We need to calculate the loss also over the test set

In [20]:
# test on the test dataset
with torch.no_grad():
    test_l = 0
    for X, y in data_iter(batch_size, X_test, Y_test):
        test_l += squared_loss(linreg(X, weights, bias), y).sum()
    test_l /= len(X_test)
    print(f'loss on the test dataset {float(test_l):f}')

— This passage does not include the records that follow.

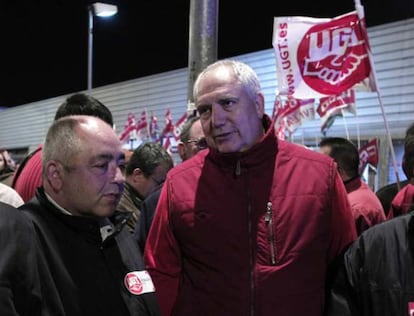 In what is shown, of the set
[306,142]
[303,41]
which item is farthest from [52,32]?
[303,41]

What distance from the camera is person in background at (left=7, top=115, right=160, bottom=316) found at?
1999mm

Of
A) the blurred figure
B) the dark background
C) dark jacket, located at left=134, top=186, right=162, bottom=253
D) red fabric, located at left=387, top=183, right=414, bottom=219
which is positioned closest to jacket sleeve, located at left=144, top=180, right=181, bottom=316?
dark jacket, located at left=134, top=186, right=162, bottom=253

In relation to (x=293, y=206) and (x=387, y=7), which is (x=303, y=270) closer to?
(x=293, y=206)

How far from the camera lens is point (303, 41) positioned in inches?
255

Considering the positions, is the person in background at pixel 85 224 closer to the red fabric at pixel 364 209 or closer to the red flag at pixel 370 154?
the red fabric at pixel 364 209

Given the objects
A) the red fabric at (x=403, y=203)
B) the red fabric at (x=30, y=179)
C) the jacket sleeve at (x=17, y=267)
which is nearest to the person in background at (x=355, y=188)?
the red fabric at (x=403, y=203)

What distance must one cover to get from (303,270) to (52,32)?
75.5ft

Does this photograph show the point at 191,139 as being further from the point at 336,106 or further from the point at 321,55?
the point at 336,106

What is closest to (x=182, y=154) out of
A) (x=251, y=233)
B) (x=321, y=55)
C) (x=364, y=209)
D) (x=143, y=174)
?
(x=143, y=174)

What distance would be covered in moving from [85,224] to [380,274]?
111 cm

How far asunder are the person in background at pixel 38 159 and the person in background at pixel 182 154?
0.66 m

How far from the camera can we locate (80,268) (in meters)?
2.04

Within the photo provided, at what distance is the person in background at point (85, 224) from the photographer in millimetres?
1999

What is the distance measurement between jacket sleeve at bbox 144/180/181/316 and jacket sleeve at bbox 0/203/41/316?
38.1 inches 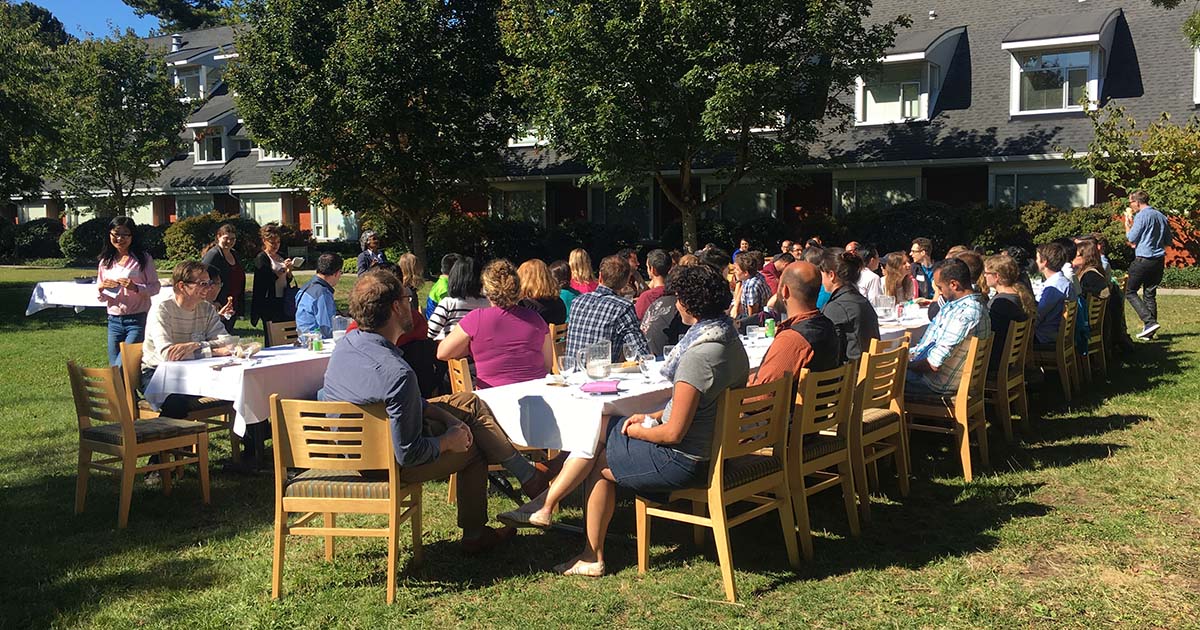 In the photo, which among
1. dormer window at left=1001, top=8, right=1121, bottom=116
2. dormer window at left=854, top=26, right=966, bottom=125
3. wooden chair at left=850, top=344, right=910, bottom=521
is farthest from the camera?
dormer window at left=854, top=26, right=966, bottom=125

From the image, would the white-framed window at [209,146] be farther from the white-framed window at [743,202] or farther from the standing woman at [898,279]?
the standing woman at [898,279]

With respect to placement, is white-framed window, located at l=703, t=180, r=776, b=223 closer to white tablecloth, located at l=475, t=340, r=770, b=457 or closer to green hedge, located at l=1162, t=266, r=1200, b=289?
green hedge, located at l=1162, t=266, r=1200, b=289

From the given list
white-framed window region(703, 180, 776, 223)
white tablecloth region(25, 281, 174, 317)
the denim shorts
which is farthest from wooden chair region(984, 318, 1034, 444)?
white-framed window region(703, 180, 776, 223)

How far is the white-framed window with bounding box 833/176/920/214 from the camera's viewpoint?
81.9ft

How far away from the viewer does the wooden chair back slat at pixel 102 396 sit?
5867 millimetres

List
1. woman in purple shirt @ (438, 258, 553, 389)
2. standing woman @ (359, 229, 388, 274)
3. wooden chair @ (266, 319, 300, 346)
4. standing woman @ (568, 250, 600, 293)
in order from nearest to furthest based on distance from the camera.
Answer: woman in purple shirt @ (438, 258, 553, 389)
wooden chair @ (266, 319, 300, 346)
standing woman @ (568, 250, 600, 293)
standing woman @ (359, 229, 388, 274)

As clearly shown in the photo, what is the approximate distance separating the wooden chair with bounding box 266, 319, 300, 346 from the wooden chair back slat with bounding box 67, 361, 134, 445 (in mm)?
1695

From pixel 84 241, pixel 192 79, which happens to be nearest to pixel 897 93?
pixel 84 241

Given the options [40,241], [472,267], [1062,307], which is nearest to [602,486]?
[472,267]

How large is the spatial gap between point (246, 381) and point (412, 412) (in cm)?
212

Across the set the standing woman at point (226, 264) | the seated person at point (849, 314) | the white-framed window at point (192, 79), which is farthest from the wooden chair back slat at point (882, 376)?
the white-framed window at point (192, 79)

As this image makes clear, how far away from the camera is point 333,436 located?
15.1 ft

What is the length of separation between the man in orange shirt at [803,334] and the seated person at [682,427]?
0.67m

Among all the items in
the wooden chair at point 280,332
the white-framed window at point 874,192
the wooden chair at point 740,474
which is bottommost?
the wooden chair at point 740,474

loss on the test dataset 0.337425


## Results

Finally, the obtained predictions are the following

In [43]:
def denormalize_features(train,test):
    global scaler
    # Denormalizza il training set
    X_train_denormalized = scaler.inverse_transform(train)
    X_test_denormalized = scaler.inverse_transform(test)
    return X_train_denormalized,X_test_denormalized

denorm_train,denorm_test = denormalize_features(torch.cat((X_train,Y_train.reshape(-1, 1)),1),torch.cat((X_test,Y_test.reshape(-1, 1)),1))

train_predictions = torch.round(linreg(torch.tensor(denorm_train[:,:-1],dtype=torch.float32),weights,bias))
print(train_predictions)
test_predictions = torch.round(linreg(torch.tensor(denorm_test[:,:-1],dtype=torch.float32),weights,bias))


with torch.no_grad():
    print_correctness(Y_test,test_predictions)
    
    #print_result(torch.round((train_labels * trains_std) + trains_mean),torch.round((train_predictions,test_predictions),0))

#print(train_predictions,test_predictions)

tensor([  4.,  -2.,  -2.,  ..., -11.,   2.,  -6.], grad_fn=<RoundBackward0>)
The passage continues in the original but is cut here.